La Abogacía del Estado

Mientras, la ministra de Justicia, Dolores Delgado y la abogada general del Estado, Consuelo Castro, elaboran estos días la respuesta de la Abogacía del Estado a la pregunta del Supremo sobre cómo afecta la sentencia del TJUE a la situación de Junqueras. Fuentes judiciales señalan que la ministra baraja la posibilidad de solicitar la puesta en libertad del exvicepresident de la Generalitat hasta que se resuelva la inmunidad vía suplicatorio al Parlamento Europeo, sabiendo, como parece evidente, que el Supremo le mantendrá en prisión con el argumento de la Fiscalía, a saber, de que ya no está en prisión provisional sino cumpliendo pena firme.

En su escrito, los fiscales desafían el uso que el TJUE hace de la legislación española sobre la inmunidad de los parlamentarios españoles. En especial la citación de los artículos 750-756 de la ley de Enjuiciamiento Criminal. Según señalan dichos artículos son “preconstitucionales” y se remontan a 1912.

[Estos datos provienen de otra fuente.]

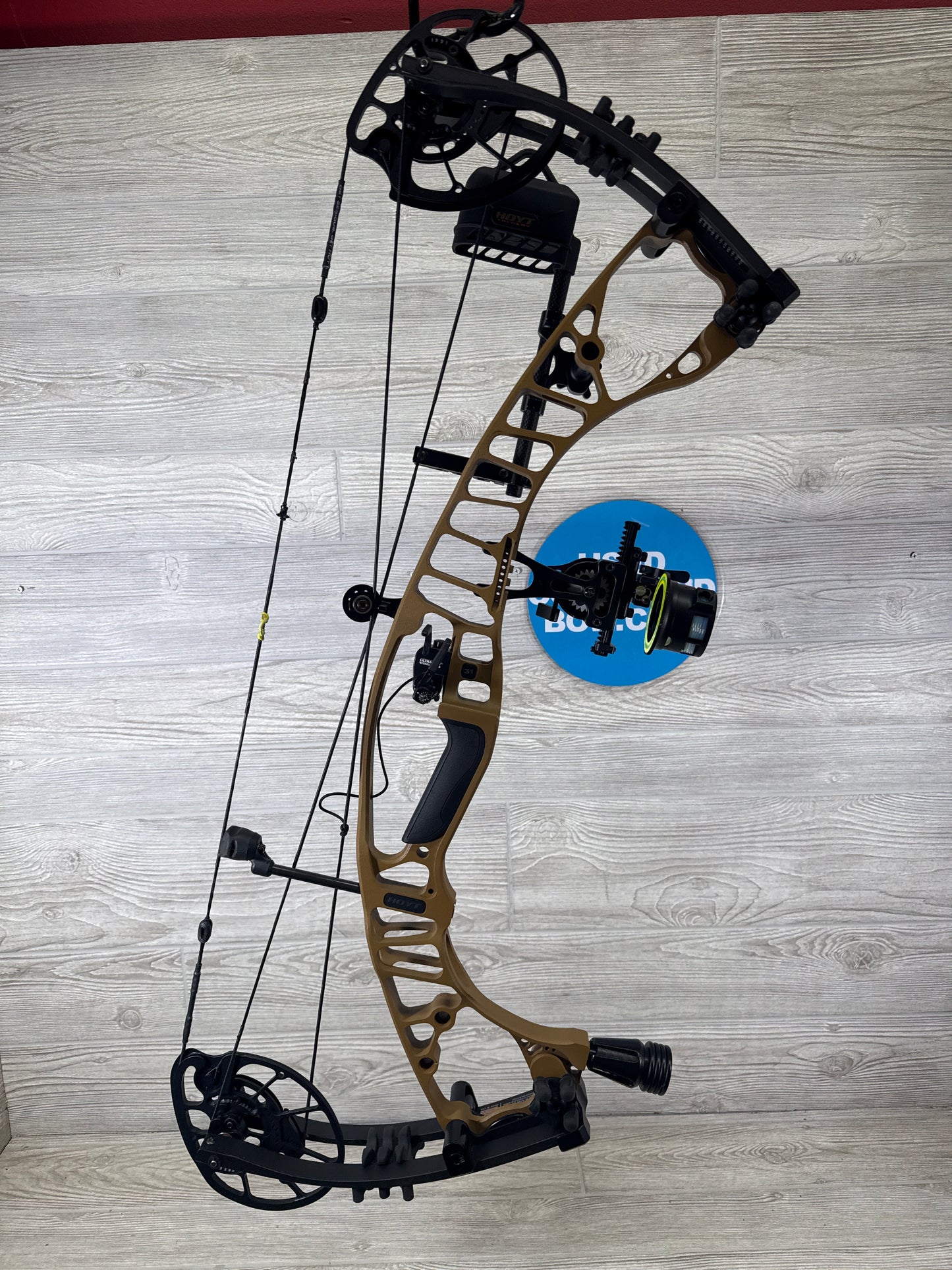 Hoyt VTM 31 Left Hand Burbon package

Sin embargo, dichos preceptos fueron mantenidos en sucesivas reformas de la ley. La última de 2015 se realizó sobre la base de un proyecto cuyo borrador fue elaborado por una comisión que presidió en 2012 el magistrado Manuel Marchena por encargo del Ministro de Justicia Alberto Ruiz Gallardón. Marchena no eliminó dichos artículos. Y por su trabajo recibió en 2013 la Gran Cruz de la Orden de San Raimundo de Peñafort que concede el ministerio de Justicia.